Metadata extraction from public pages is almost certainly fine everywhere. Screenshots of public pages are almost certainly fine. Structured data extraction gets complicated when users start extracting data from sites that prohibit scraping in their ToS. This is a user's legal problem, not yours -- you're providing a tool, not a service. Include a clear disclaimer in your documentation and don't build features specifically designed for circumventing anti-bot measures.

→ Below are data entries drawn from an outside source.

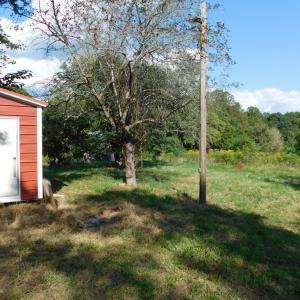 Storage building with lean to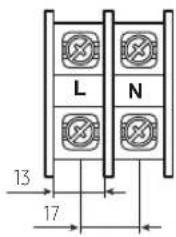 SAMSUNG AE080CXYDEK - Spécification du bornier - 1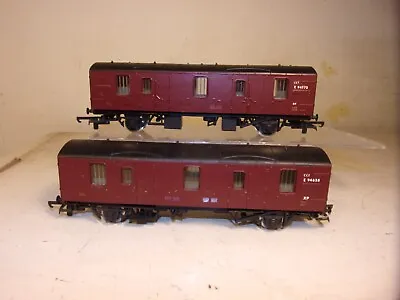 LIMA  OO  =RAKE Of 2 BR MAROON CCT UTILITY VANS-diff/no.s Hand Finished-good • £25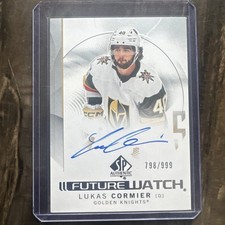 2024 UPPER DECK SP AUTHENTIC #118 LUKAS CORMIER AUTO RC FUTURE WATCH ROOKIE /999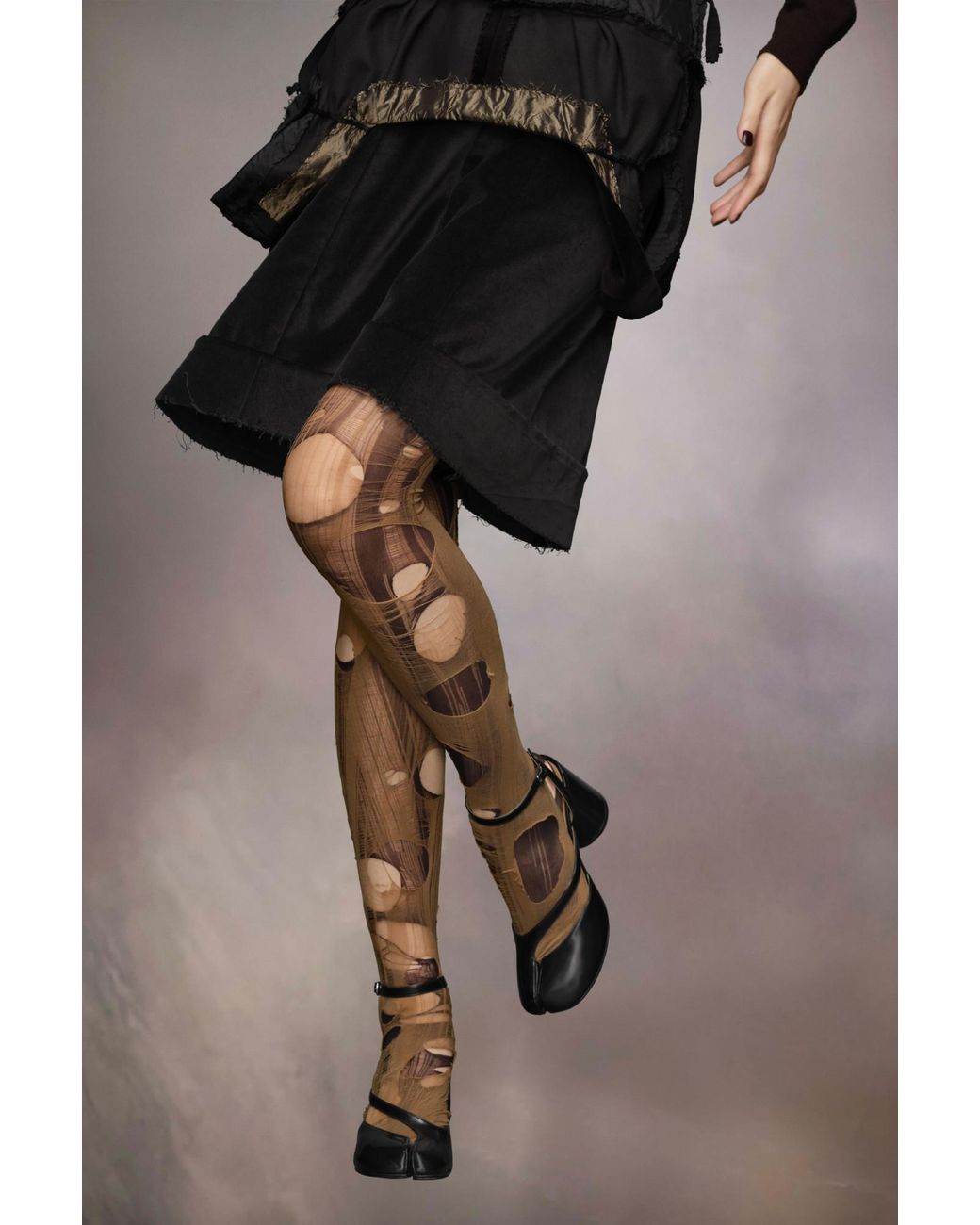 Maison Margiela Black Tabi Slingback Pumps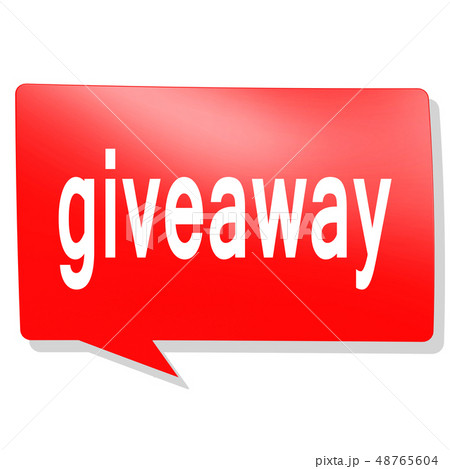 Giveaway word on red speech bubble 48765604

Risk 5: Nobody pays for the cloud version

This is the real risk for any OSS product. Developers self-host and never upgrade. The conversion rate from self-hosted to paid is typically 1-3%. At 3,000 GitHub stars, assume 500-1,000 active self-hosters. At 2% conversion, that's 10-20 paying customers. You need volume. The answer is to make the cloud product compelling for specific personas (companies, teams, non-technical users), not for individual developers. Price the cloud product for the company's budget, not the developer's personal credit card.


11. 10. Verdict

This is a real opportunity. Not a get-rich-quick play -- the revenue ceiling on a pure link preview API is lower than on a developer productivity tool. But as a first commercial OSS project, it has almost everything you want: a clear incumbent to position against, a real privacy/cost problem that the incumbent can't solve, a technical foundation that exists (Playwright, metascraper), and a community (r/selfhosted, the headless browser ecosystem) that is actively looking for exactly this.

The biggest strategic bet is whether you can expand past "link preview API" into something with a larger TAM. Content intelligence, web archiving, automated visual regression testing -- these are adjacent. Start with the microlink replacement. Let the users tell you where to go next.

The project is buildable by one developer in a month of weekends. The community-building takes a year. The revenue gets interesting in year two. If you're looking for a project that can fund a lifestyle business by year three without raising money, this fits. If you're looking for a $10M ARR play, this probably isn't it alone -- you'd need to find the vertical expansion where the market is larger.

Build it. Launch it. See who shows up. The answer to "is there a big market here?" is somewhere in your first 500 GitHub stars.